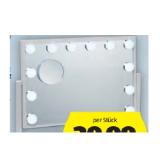 Ambiano Hollywood-Spiegel HOFER 1 Stück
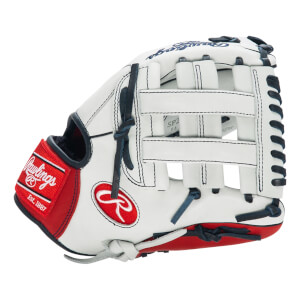 Rawlings HOH Mark of a Pro 11.5" Baseball Glove: SP204-6WS: Image #418958
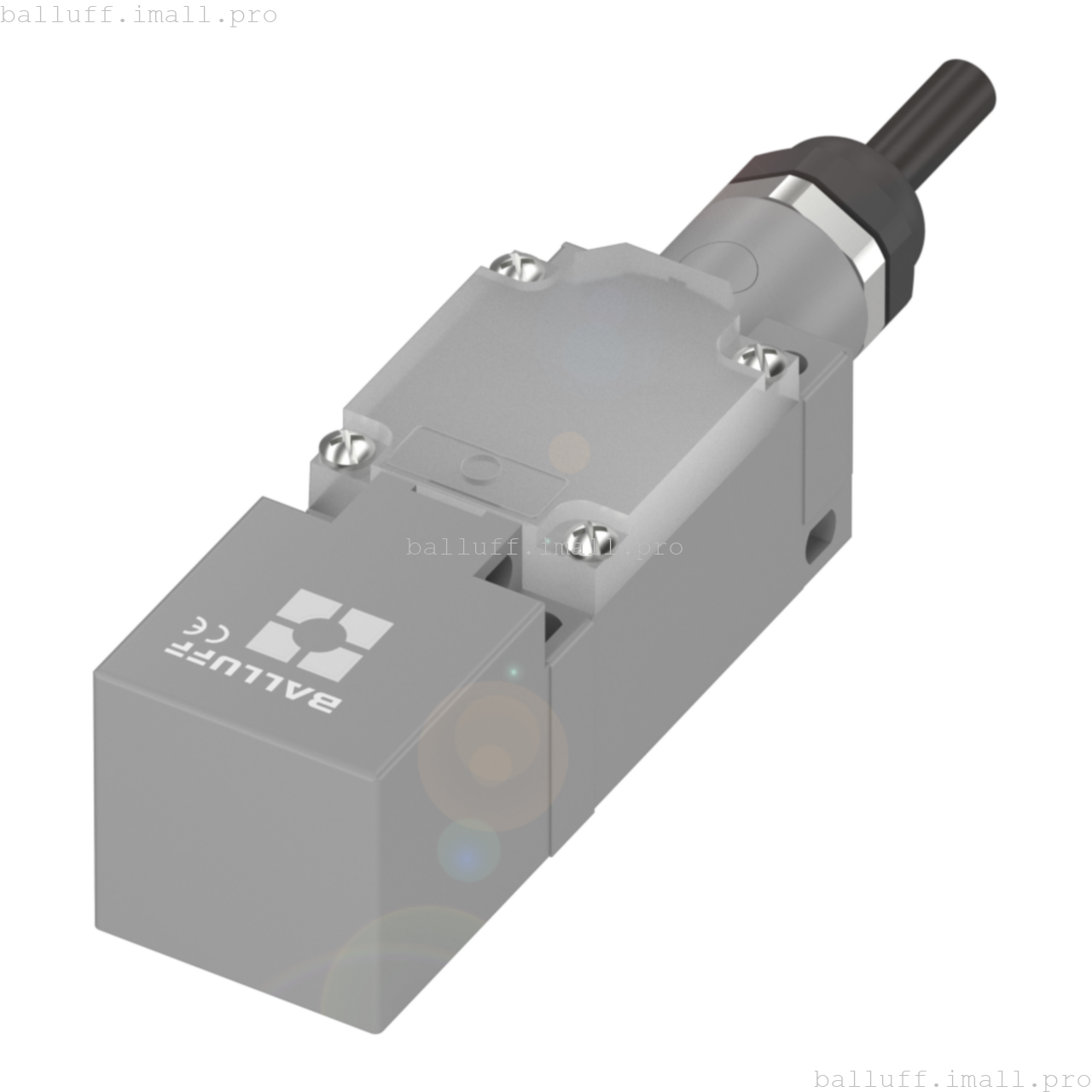 BIS00HL BIS C-61R-001-08P-PU-05 BALLUFF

- **How to complete this task**:
When you restate the listing, keep every word as it is and drop the pictures.

- **Response box**:
 Ambiano Hollywood-Spiegel HOFER 1 Stück
 Rawlings HOH Mark of a Pro 11.5" Baseball Glove: SP204-6WS: Image #418958
 BIS00HL BIS C-61R-001-08P-PU-05 BALLUFF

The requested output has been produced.